How we are different

Discover and Protect Services Across Hybrid Cloud Environments: As providers continue to add new cloud native services, it becomes increasingly difficult for customers to ensure the apps running on them are protected. 18.11 introduced Cloud Platform Compliance, which allows customers to centrally discover all cloud native services in use across AWS, Microsoft Azure, and Google Cloud Platform (GCP), across all accounts, and in every region. Cloud Platform Compliance continuously monitors these accounts to detect when rogue services are added, and alerts end users to avoid risks introduced by rogue deployments, abandoned environments, and environments not being protected by Twistlock.
Compliance and Security Configuration Checks for Istio Service Mesh: Istio is one of the most interesting new technologies in this space because it helps simplify many formerly difficult aspects of running microservices. Notably, Istio provides load balancing, fine grained traffic routing, TLS everywhere, and service centric RBAC. What Istio doesn’t provide natively, though, is a simple way to visualize and understand interconnectivity between services. In 18.11, Twistlock integrates with Istio to discover this service mesh and uses this data to enrich the radar with details about protocols and service roles used with Istio.

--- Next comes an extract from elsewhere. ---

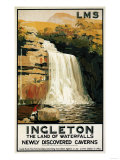 Ingleton  England - Spectators Climb on Waterfall Railway Poster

Kubernetes Service Account Monitoring and Visualization: Twistlock 18.11 includes a first of-its-kind discovery and monitoring tool for Kubernetes service accounts. Integrated into the Radar dashboard, every service account associated with every resource in a cluster can be easily viewed, so that security staff can easily understand role configuration, assess the level of access provided to each service account, and mitigate risks associated with overly broad permissions. For each account, Twistlock shows detailed metadata describing the resources it has access to and the level of access it has to each of them.